Work through the listing below and give again exactly the lines from the one with "Castore Kids 26" to the one with "2 Bedroom Property", both ends included. All other lines and all pictures stay out.

▸ **SOURCE INFORMATION**:
++++++++++
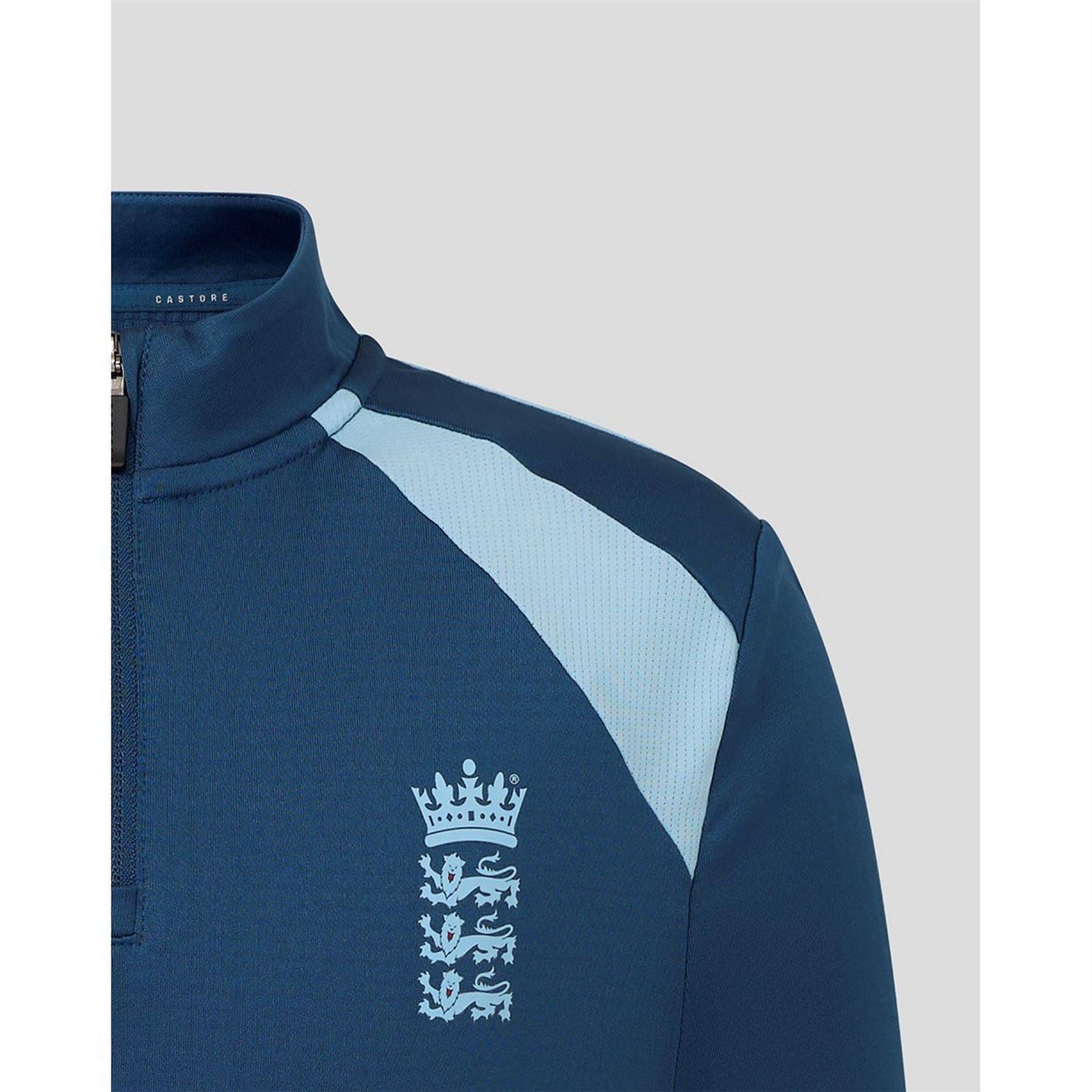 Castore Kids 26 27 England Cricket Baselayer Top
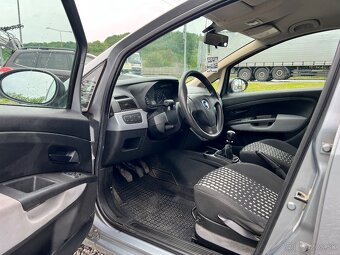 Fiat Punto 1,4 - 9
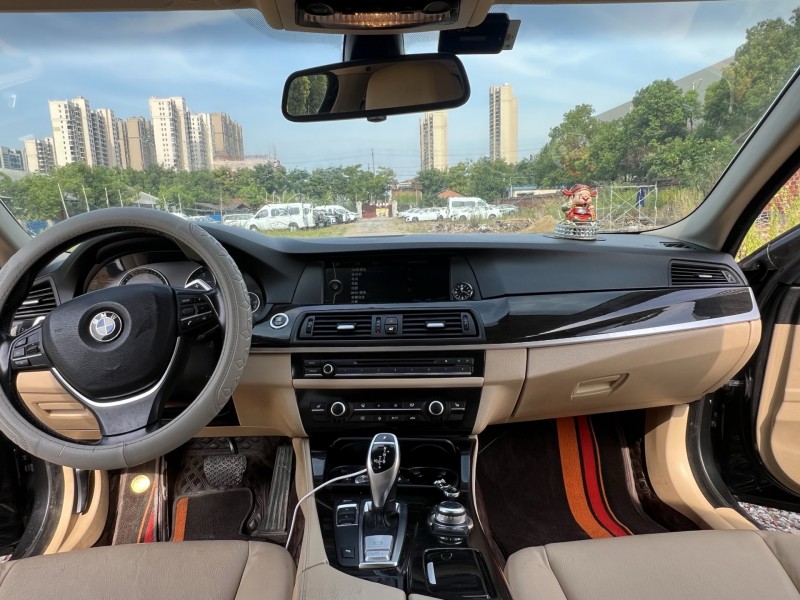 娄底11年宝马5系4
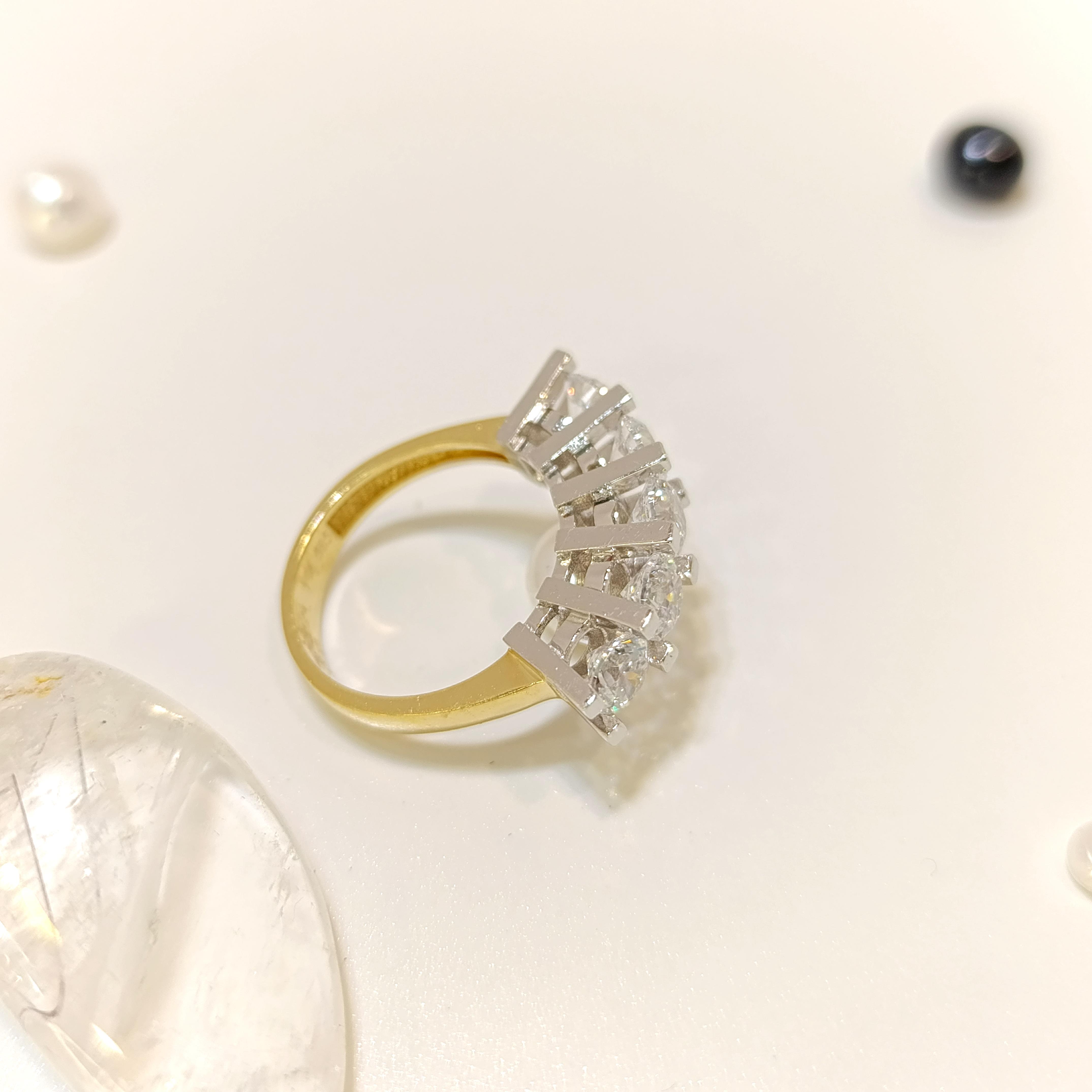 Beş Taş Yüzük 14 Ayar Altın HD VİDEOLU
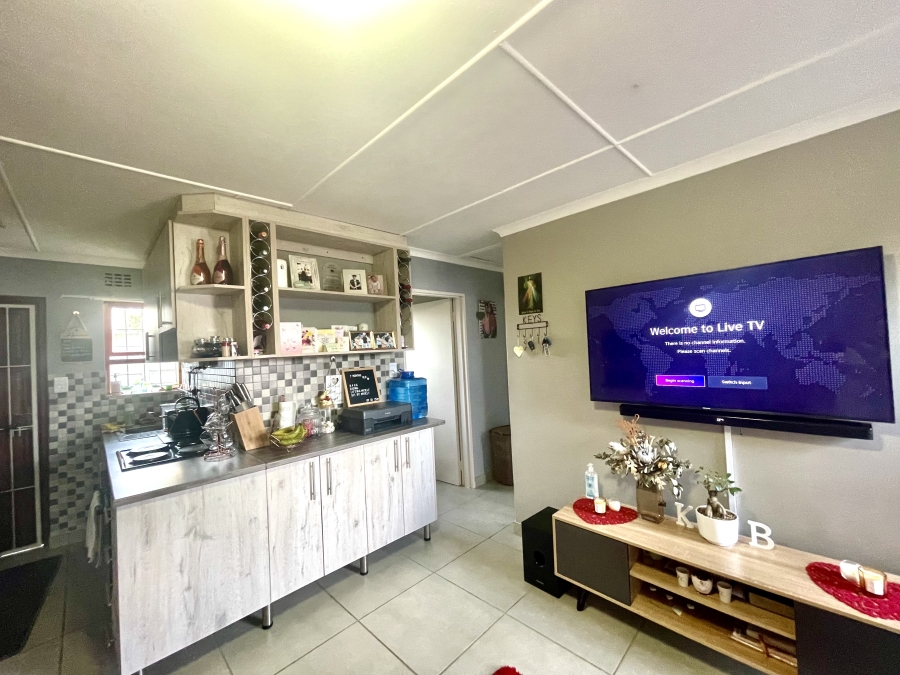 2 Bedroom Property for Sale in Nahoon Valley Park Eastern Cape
++++++++++
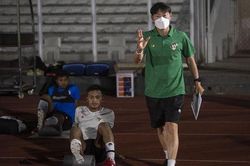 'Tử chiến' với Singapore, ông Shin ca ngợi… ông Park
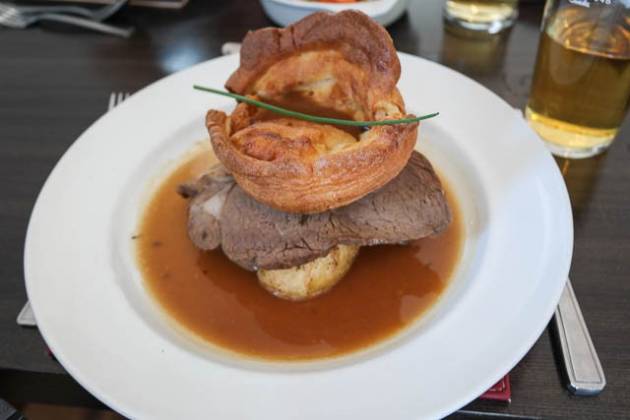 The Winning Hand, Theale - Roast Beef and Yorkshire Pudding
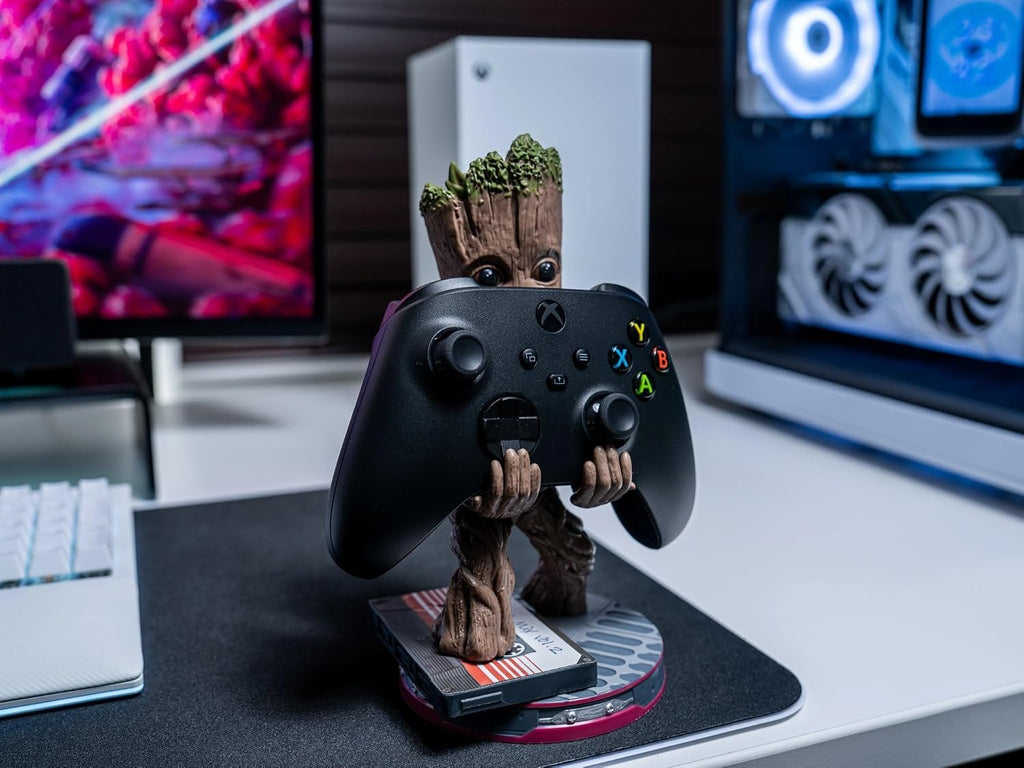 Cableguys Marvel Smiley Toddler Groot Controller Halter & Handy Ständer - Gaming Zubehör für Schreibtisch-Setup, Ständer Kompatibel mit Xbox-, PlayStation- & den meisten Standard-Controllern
++++++++++
▸ **RESPONSE BOX**:
 Castore Kids 26 27 England Cricket Baselayer Top
 Fiat Punto 1,4 - 9
 娄底11年宝马5系4
 Beş Taş Yüzük 14 Ayar Altın HD VİDEOLU
 2 Bedroom Property for Sale in Nahoon Valley Park Eastern Cape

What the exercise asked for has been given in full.